- [Directions for this task]
Take from the entries below the stretch from the line with "Some things to" through the line with "I have the Krampus", and return it exactly, leaving the pictures out.

- [Supplied records]
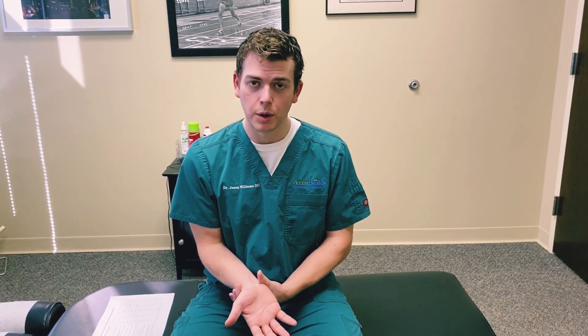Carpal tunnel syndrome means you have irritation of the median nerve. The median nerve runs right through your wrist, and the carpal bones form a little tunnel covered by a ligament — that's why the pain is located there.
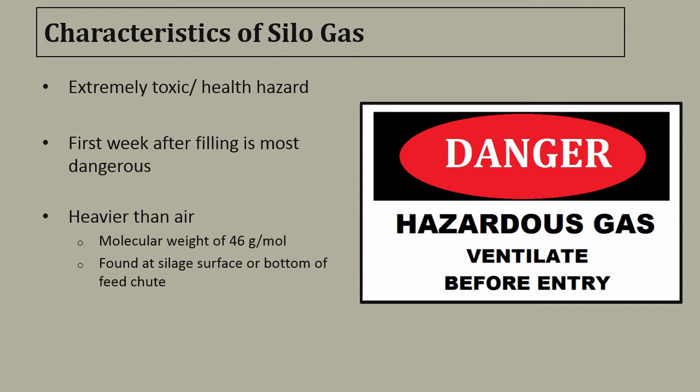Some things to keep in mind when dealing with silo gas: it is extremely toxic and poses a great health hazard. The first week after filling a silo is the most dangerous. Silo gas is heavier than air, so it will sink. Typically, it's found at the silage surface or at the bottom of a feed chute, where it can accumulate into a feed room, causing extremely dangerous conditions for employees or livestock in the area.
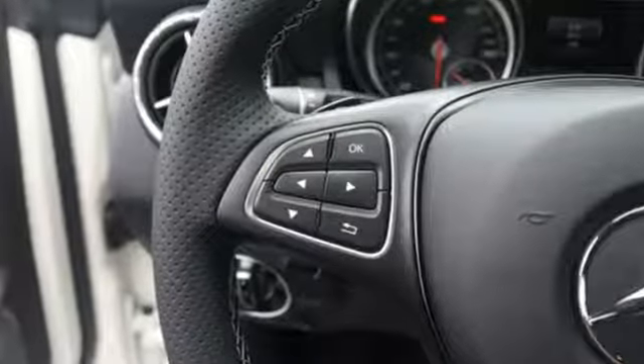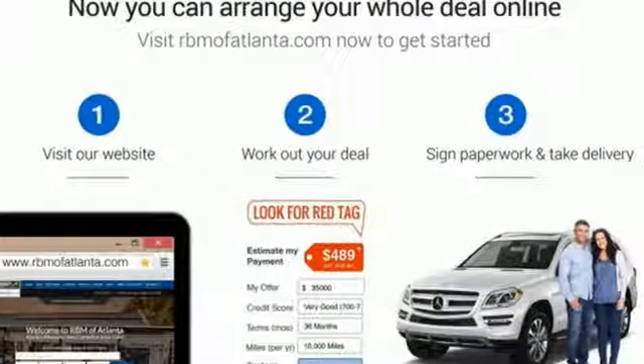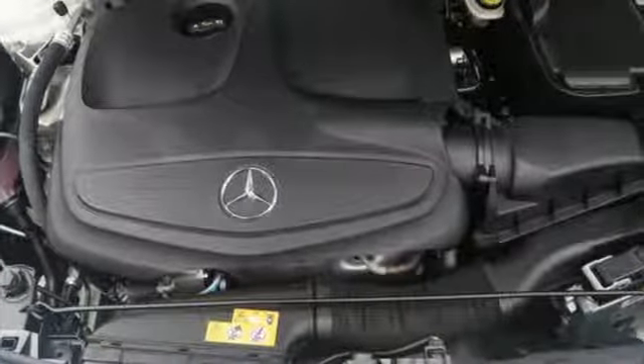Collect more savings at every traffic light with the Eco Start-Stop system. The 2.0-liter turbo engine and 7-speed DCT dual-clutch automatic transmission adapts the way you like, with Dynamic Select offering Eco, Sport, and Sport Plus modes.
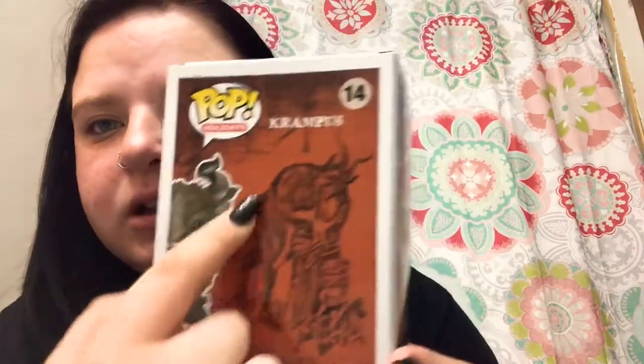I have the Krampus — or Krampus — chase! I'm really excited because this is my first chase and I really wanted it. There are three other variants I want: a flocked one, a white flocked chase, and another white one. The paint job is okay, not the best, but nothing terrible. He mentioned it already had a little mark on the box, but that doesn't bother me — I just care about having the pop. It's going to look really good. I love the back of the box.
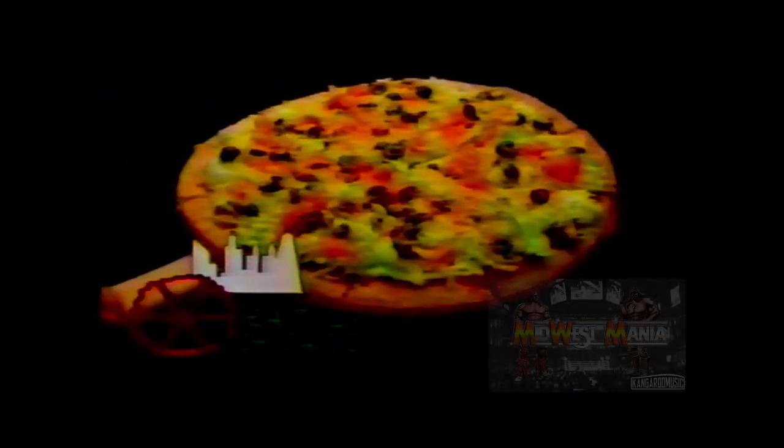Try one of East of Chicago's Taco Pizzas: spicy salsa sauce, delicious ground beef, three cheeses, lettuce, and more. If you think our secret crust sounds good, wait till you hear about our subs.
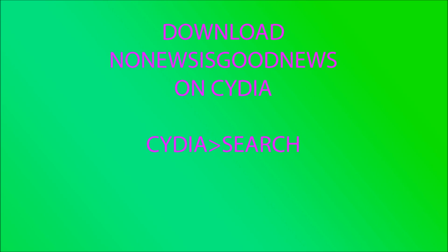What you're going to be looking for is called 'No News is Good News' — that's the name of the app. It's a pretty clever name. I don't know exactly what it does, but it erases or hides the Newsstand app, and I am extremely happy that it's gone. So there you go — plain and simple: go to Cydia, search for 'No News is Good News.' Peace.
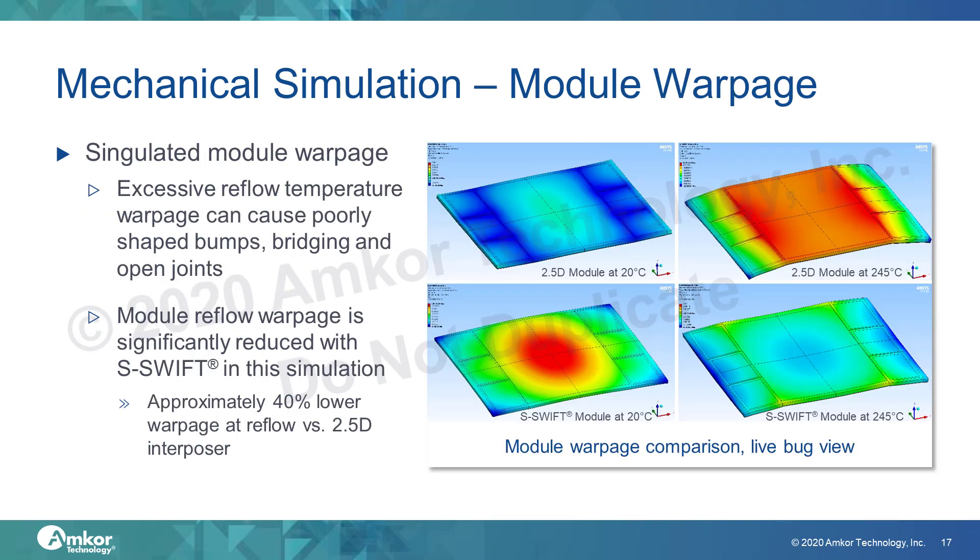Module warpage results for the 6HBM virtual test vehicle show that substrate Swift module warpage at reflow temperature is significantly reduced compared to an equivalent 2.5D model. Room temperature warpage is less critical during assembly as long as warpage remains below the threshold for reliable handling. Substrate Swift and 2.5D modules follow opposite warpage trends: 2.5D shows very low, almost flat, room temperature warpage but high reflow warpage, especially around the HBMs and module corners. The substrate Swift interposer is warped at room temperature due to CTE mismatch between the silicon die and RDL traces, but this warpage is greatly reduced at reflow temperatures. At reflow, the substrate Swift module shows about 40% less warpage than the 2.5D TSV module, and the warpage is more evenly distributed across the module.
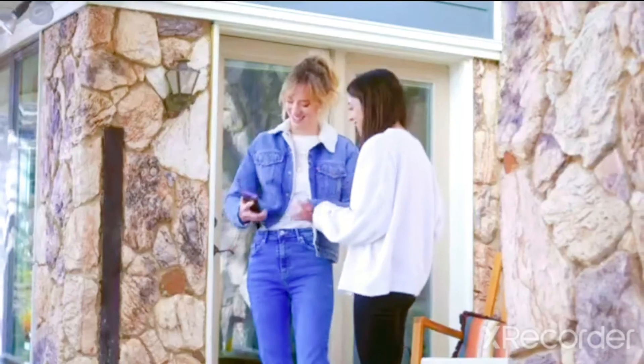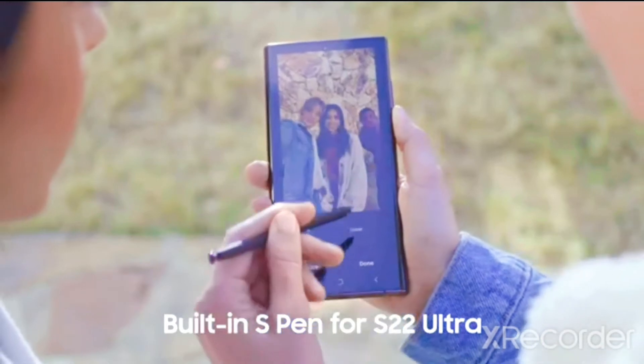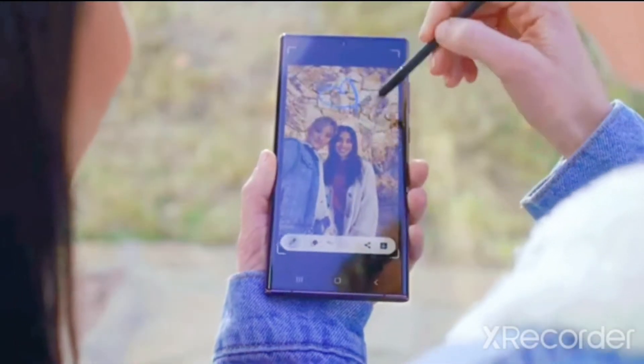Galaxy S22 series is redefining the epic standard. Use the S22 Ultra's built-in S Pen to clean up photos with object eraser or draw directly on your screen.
---
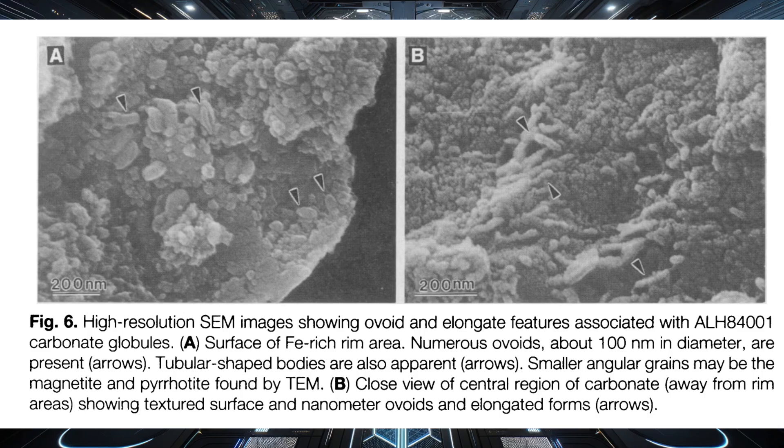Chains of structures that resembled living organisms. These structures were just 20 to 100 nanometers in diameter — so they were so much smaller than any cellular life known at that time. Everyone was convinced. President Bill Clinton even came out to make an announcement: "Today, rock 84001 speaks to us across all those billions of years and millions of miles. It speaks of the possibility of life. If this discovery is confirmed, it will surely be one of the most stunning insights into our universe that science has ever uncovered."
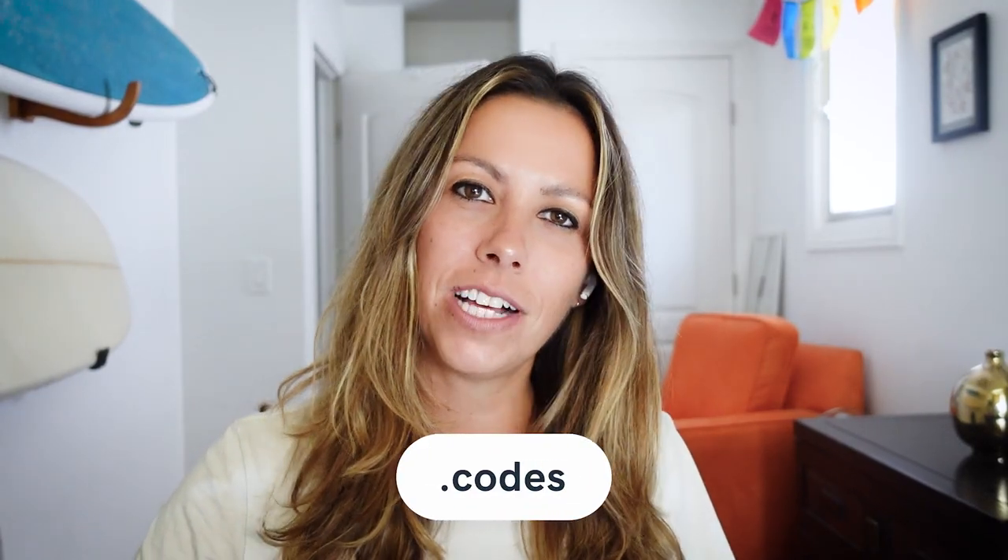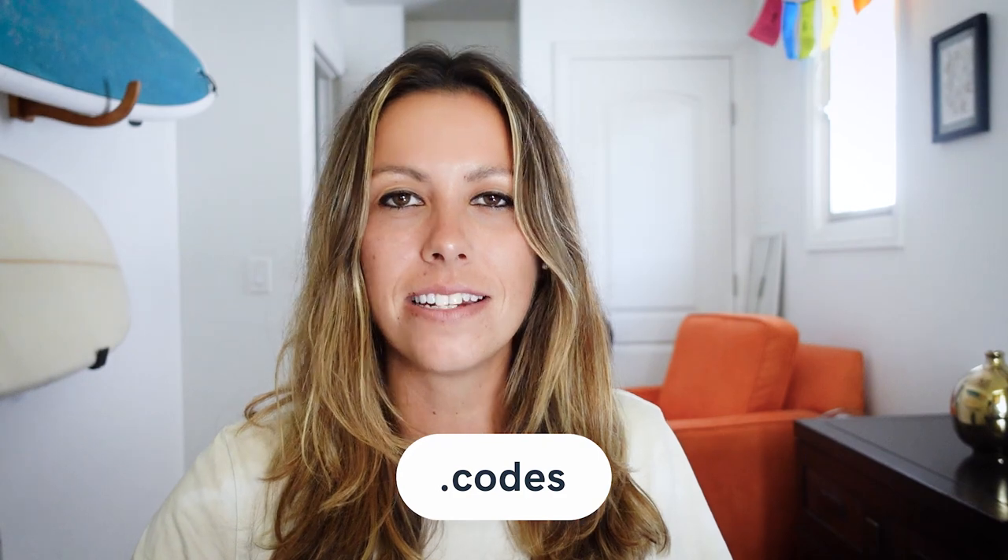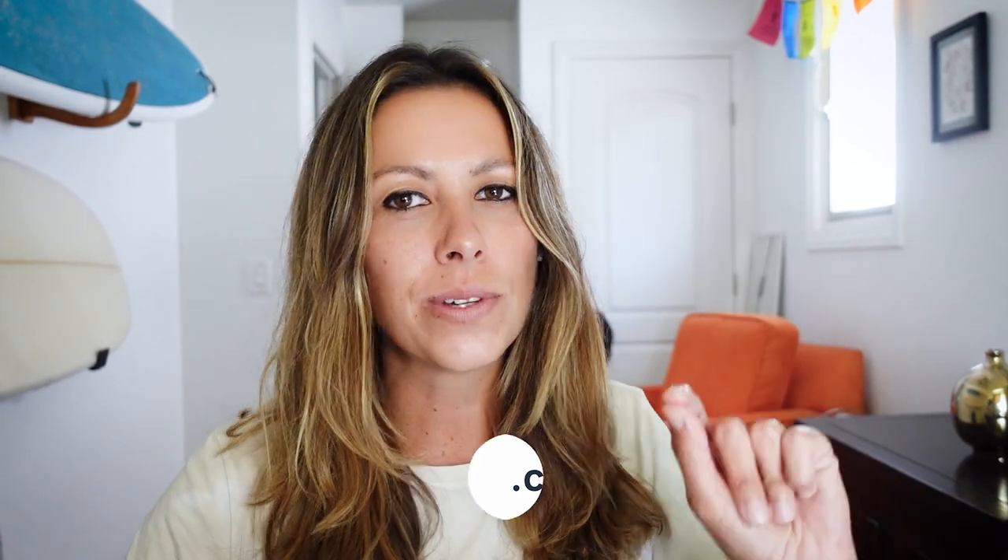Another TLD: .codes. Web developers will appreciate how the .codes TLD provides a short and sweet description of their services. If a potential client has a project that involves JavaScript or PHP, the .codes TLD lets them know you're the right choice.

- [Solution to the problem]
Some things to keep in mind when dealing with silo gas: it is extremely toxic and poses a great health hazard. The first week after filling a silo is the most dangerous. Silo gas is heavier than air, so it will sink. Typically, it's found at the silage surface or at the bottom of a feed chute, where it can accumulate into a feed room, causing extremely dangerous conditions for employees or livestock in the area.
Collect more savings at every traffic light with the Eco Start-Stop system. The 2.0-liter turbo engine and 7-speed DCT dual-clutch automatic transmission adapts the way you like, with Dynamic Select offering Eco, Sport, and Sport Plus modes.
I have the Krampus — or Krampus — chase! I'm really excited because this is my first chase and I really wanted it. There are three other variants I want: a flocked one, a white flocked chase, and another white one. The paint job is okay, not the best, but nothing terrible. He mentioned it already had a little mark on the box, but that doesn't bother me — I just care about having the pop. It's going to look really good. I love the back of the box.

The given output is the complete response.